Bahlil Sindir Parpol Salahkan Mantan Presiden Karena Kadernya Jadi Tersangka KPK: Harus Fair
Bahlil meminta semua pihak menghargai penegak hukum untuk melaksanakan tugasnya secara profesional.
Penulis: Igman Ibrahim
Editor: Hasanudin Aco
Laporan Wartawan Tribunnews.com, Igman Ibrahim
TRIBUNNEWS.COM, JAKARTA - Ketua Umum Partai Golkar, Bahlil Lahadalia menyindir partai politik (parpol) yang menyalahkan mantan presiden seusai kadernya menjadi tersangka oleh KPK.
Menurutnya setiap partai haruslah fair jika kadernya bersalah.
Mulanya, Bahlil menyinggung setiap partai pernah mengalami kadernya yang diproses hukum.
Karena itu pihaknya meminta semua pihak menghargai penegak hukum untuk melaksanakan tugasnya secara profesional.
"Tidak untuk saling kita menyalahkan antara siapa yang benar dan siapa yang salah.

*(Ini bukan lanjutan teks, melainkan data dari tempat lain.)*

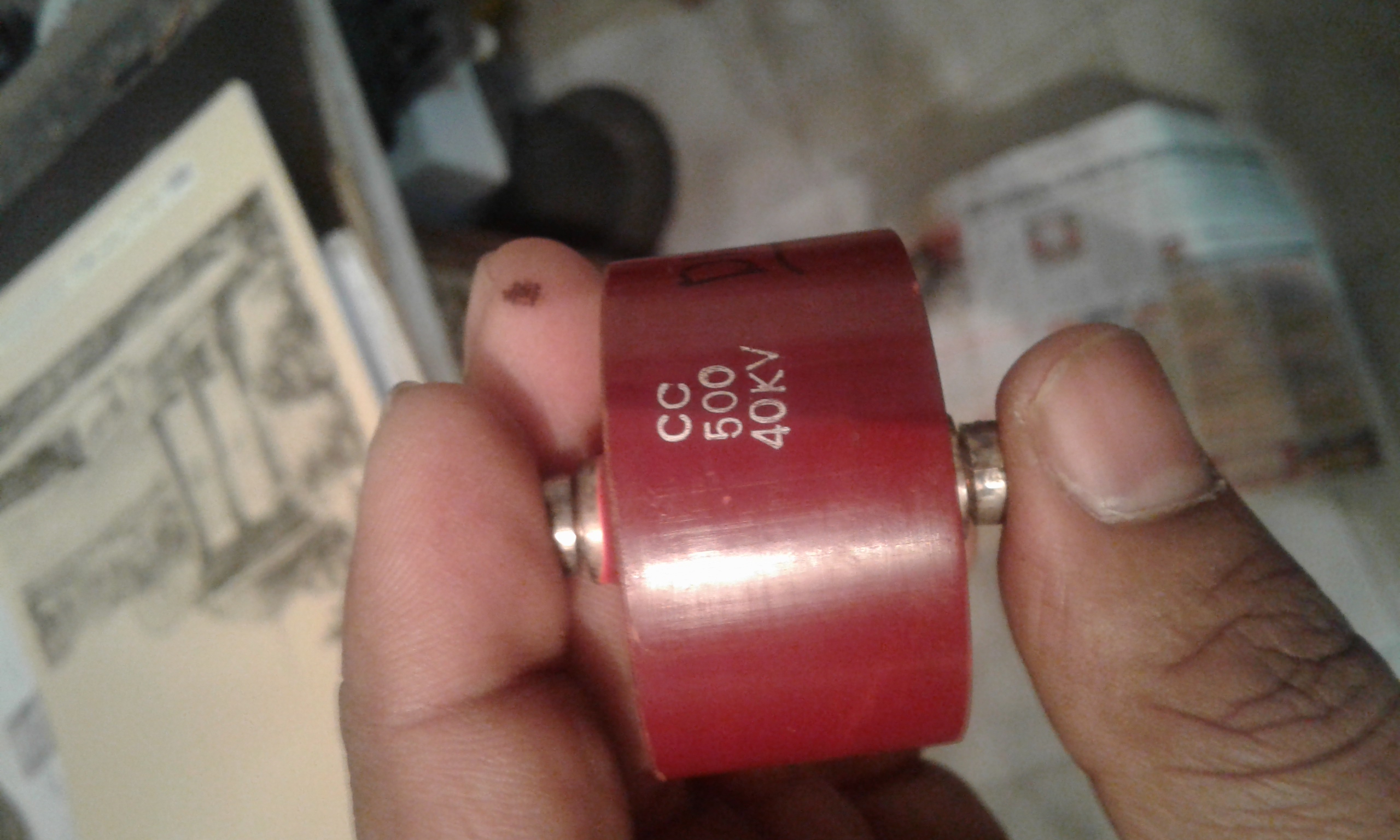 Click image for larger version
Name: Door Knob Capacitor.jpg
Views: 1
Size: 968.6 KB
ID: 49936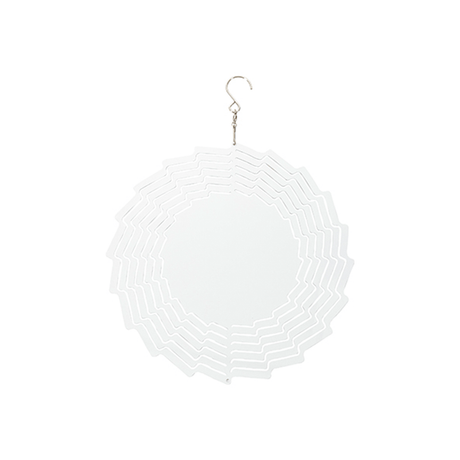 HPN SubliCraft Flower Sublimation Aluminum Wind Spinner - HeatPressNation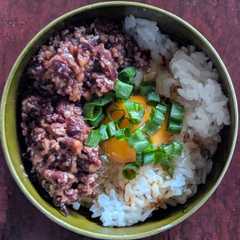 発酵あんこのある卵かけご飯-レシピのメイン写真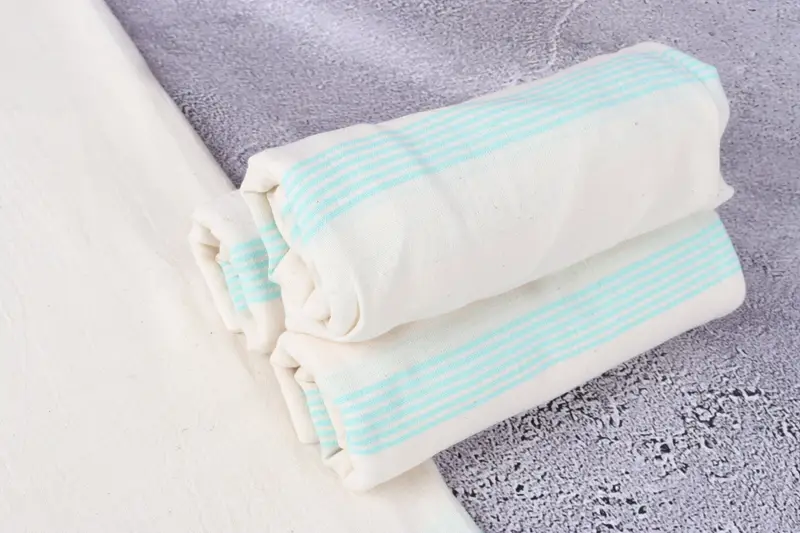 Travel towel, Home Gift, Housewarming Gift, Bachelorette Favors Beach, 80x36 Cotton Striped Towel, Turkish hand towel, Turkish Bath Towel USA - 7
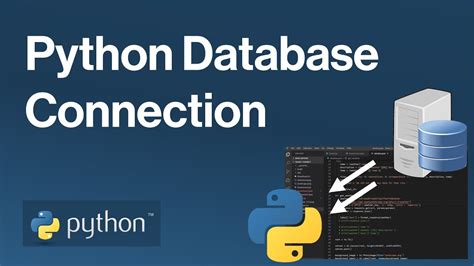 How To Connect Python With The Sql Server Database Youtube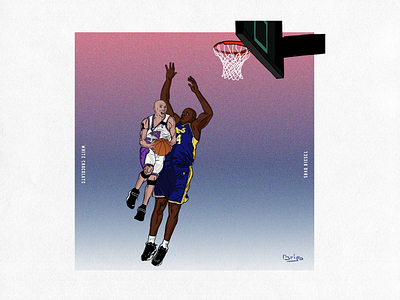 LeBron James LA Lakers Jersey by Mista Matt Design on Dribbble
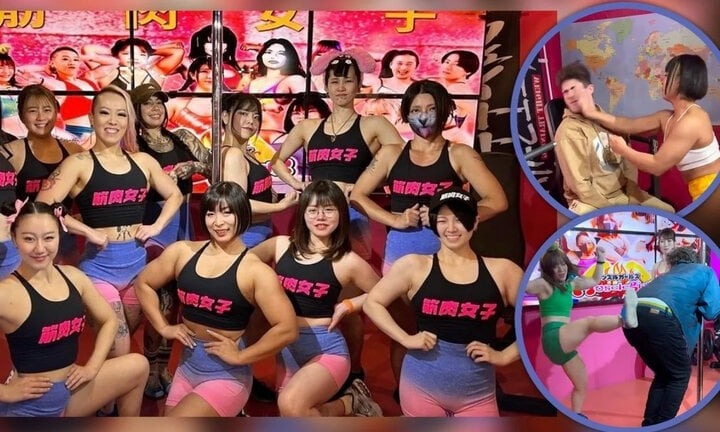 Độc lạ: Quán bar thuê nữ phục vụ “lực điền” để tát, đá khách hàng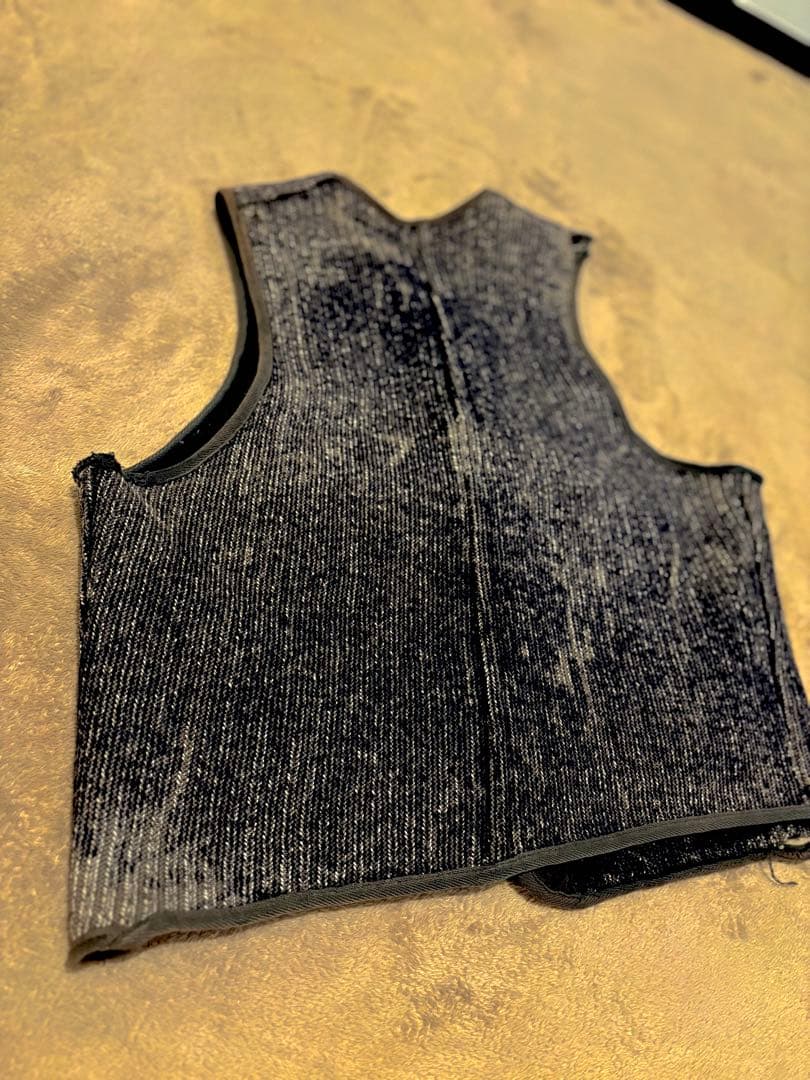 蘭*丸様 50s ブラウンズビーチベスト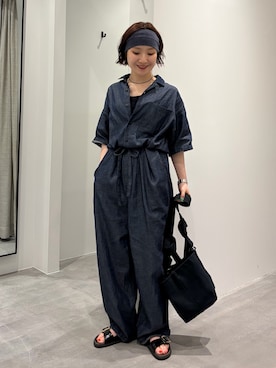 久木 美音さん（レディース・157cm）の夏コーディネート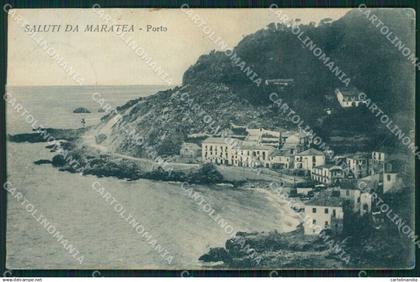 Potenza Maratea cartolina KVM0329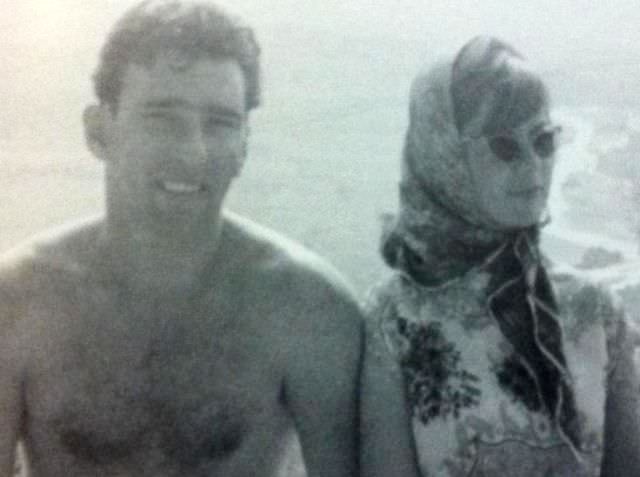 #20 Frances Shea and Gangster Reggie Kray On Their Honeymoon In Greece, 1965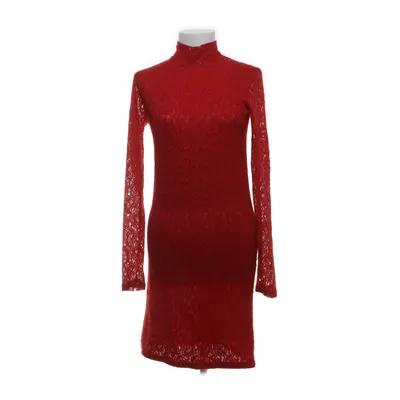Dress (Red) from Ichi Elastane, Polyester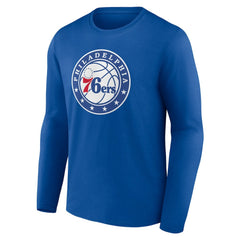 Philadelphia 76ers Alternate Logo Long Sleeve T-Shirt
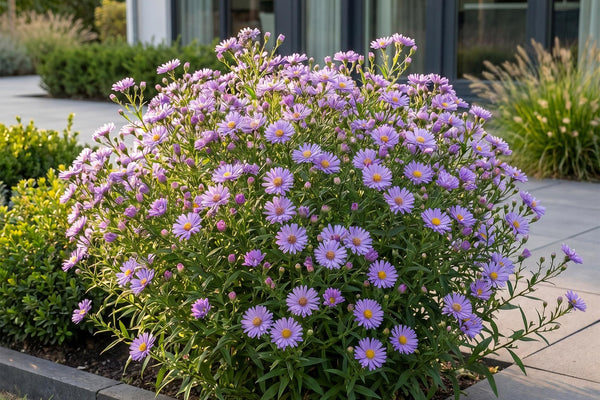 Sea Aster (Aster tripolium): Care, Location, and Tips for the Mediterranean Perennial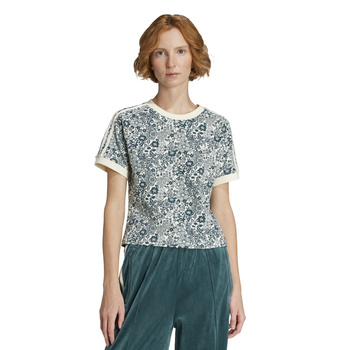 Koszulka damska adidas LIBERTY LONDON wielokolorowa JX0462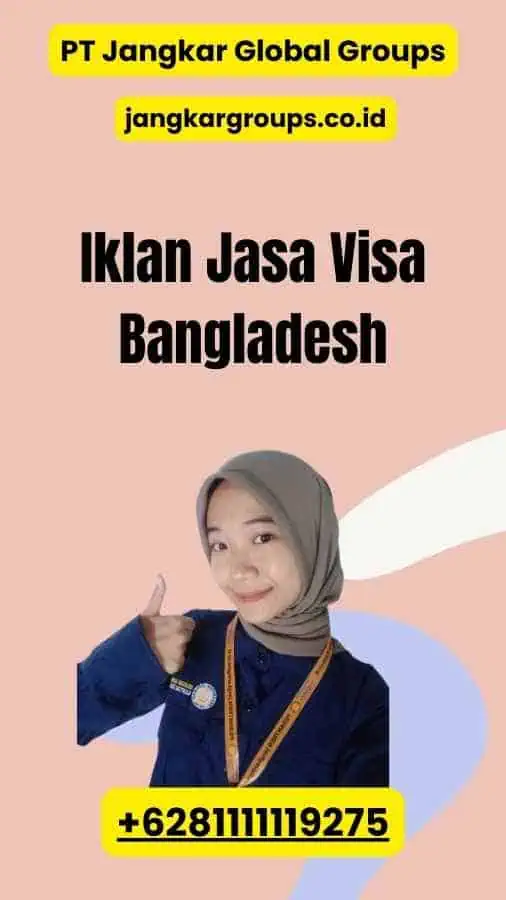 Iklan Jasa Visa Bangladesh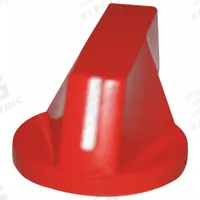 EATON Selector Switch Knob: 30 mm Compatible Switch Size, Extended Lever, Orange (MPN 10250TLO). Key specifications — Compatible Product Type: Selector Switches; Compatible with Series: 10250T; Brand: EATON; Manufacturer Part Number: 10250TLO; Compatible Switch Size: 30 mm.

Biarkanlah semua instrumen negara bekerja sesuai dengan aturan dan keundang-undangan yang ada," ujar Bahlil saat refleksi akhir tahun Golkar di Kantor DPP Golkar, Jakarta, Selasa (31/12/2024).
Bahlil pun mengungkit ada kader partai Golkar yang pernah ditetapkan tersangka oleh KPK.
Dia pun menyinggung nama Eks Gubernur Bengkulu Rohidin yang juga merupakan kader Golkar.
Menteri ESDM itu menyampaikan kadernya itu ditetapkan sebagai tersangka oleh KPK saat akan maju kembali di Pilgub Bengkulu 2024.
Namun saat itu partai berlambang pohon beringin itu menghargai penegak hukum.
"Surveinya itu tinggi. Tapi terjadi musibah. Ada musibah, Ya kami prihatin, kami sayang betul abang kami ini. Tapi apa boleh buat? Ini persoalan hukum. Ya kami hargai proses itu. Menghormati," jelasnya.
Bahlil pun mengatakan partak Golkar tidak pernah menyalahkan siapa pun atas penetapan tersangka tersebut.
Dia pun meminta setiap parpol harus fair jika kadernya bersalah.
"Jadi kita berpartai ini juga harus fair. Jangan sakitnya di kepala, garuknya di perut. Apakah Golkar menyalahkan siapa? Nggak ada," jelasnya.
Mantan Menteri Investasi itu menyindir partainya tidak pernah juga menyalahkan mantan presiden maupun salah satu ketum parpol atas penetapan tersangka tersebut.
"Kami enggak menyalahkan bahwa ini yang salah partai A, partai B, atau mantan Presiden A, atau mantan Presiden B, atau ketum partai A, ketum partai B. Nggak ada itu kita salah-salahkan. Atau merasa dikerjain? nggak juga," bebernya.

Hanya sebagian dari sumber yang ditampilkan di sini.